Way past feature freeze, but this small change allows a powerful new
feature utilising the Restartable Recovery capability. Very useful for
very large database backups...

Includes full documentation.

Perhaps a bit rushed, but inclusion in 8.2 would be great. (Ouch, don't
shout back, read the patch first....)

-----------------------------
Docs copied here as better explanation:

   <title>Incrementally Updated Backups</title>

   <para>
    Restartable Recovery can also be utilised to avoid the need to take
    regular complete base backups, thus improving backup performance in
    situations where the server is heavily loaded or the database is
    very large.  This concept is known as incrementally updated backups.
   </para>

   <para>
    If we take a backup of the server files after a recovery is
partially
    completed, we will be able to restart the recovery from the last
    restartpoint.
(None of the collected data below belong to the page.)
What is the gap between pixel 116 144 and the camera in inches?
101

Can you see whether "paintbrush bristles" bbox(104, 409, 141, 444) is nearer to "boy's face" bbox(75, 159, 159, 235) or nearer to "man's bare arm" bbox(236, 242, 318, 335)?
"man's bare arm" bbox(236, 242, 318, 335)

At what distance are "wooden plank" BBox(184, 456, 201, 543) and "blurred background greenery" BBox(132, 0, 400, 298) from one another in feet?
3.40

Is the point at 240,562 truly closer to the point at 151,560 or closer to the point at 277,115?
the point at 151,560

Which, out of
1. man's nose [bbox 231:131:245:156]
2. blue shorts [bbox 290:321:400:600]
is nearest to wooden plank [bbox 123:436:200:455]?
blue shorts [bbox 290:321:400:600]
This backup is now further forward along the timeline
    than the original base backup, so we can refer to it as an
incrementally
    updated backup. If we need to recover, it will be faster to recover
from
    the incrementally updated backup than from the base backup.
   </para>

   <para>
    The <xref linkend="startup-after-recovery"> option in the
recovery.conf
    file is provided to allow the recovery to complete up to the current
last
    WAL segment, yet without starting the database. This option allows
us
    to stop the server and take a backup of the partially recovered
server
    files: this is the incrementally updated backup.
   </para>

   <para>
    We can use the incrementally updated backup concept to come up with
a
    streamlined backup schedule. For example:
  <orderedlist>
   <listitem>
    <para>
     Set up continuous archiving
    </para>
   </listitem>
   <listitem>
    <para>
     Take weekly base backup
    </para>
   </listitem>
   <listitem>
    <para>
     After 24 hours, restore base backup to another server, then run a
     partial recovery and take a backup of the latest database state to
     produce an incrmentally updated backup.
    </para>
   </listitem>
   <listitem>
    <para>
     After next 24 hours, restore the incrementally updated backup to
the
     second server, then run a partial recovery, at the end, take a
backup
     of the partially recovered files.
    </para>
   </listitem>
   <listitem>
    <para>
     Repeat previous step each day, until the end of the week.
    </para>
   </listitem>
  </orderedlist>
   </para>

   <para>
    A weekly backup need only be taken once per week, yet the same level
of
    protection is offered as if base backups were taken nightly.
   </para>

  </sect2>

--
  Simon Riggs
  EnterpriseDB   http://www.enterprisedb.com

Attachment

iubackup.patch

Re: [HACKERS] Incrementally Updated Backup

From

Heikki Linnakangas

Date:

19 September 2006, 12:05:06

Simon Riggs wrote:
> +
> + if (startupAfterRecovery)
> + ereport(ERROR,
> + (errmsg("recovery ends normally with startup_after_recovery=false")));
> +

I find this part of the patch a bit ugly. Isn't there a better way to
exit than throwing an error that's not really an error?

--
Heikki Linnakangas
EnterpriseDB http://www.enterprisedb.com

Re: [HACKERS] Incrementally Updated Backup

From

Tom Lane

Date:

19 September 2006, 13:13:32

Heikki Linnakangas <heikki@enterprisedb.com> writes:
> Simon Riggs wrote:
>> +
>> + if (startupAfterRecovery)
>> + ereport(ERROR,
>> + (errmsg("recovery ends normally with startup_after_recovery=false")));
>> +

> I find this part of the patch a bit ugly. Isn't there a better way to
> exit than throwing an error that's not really an error?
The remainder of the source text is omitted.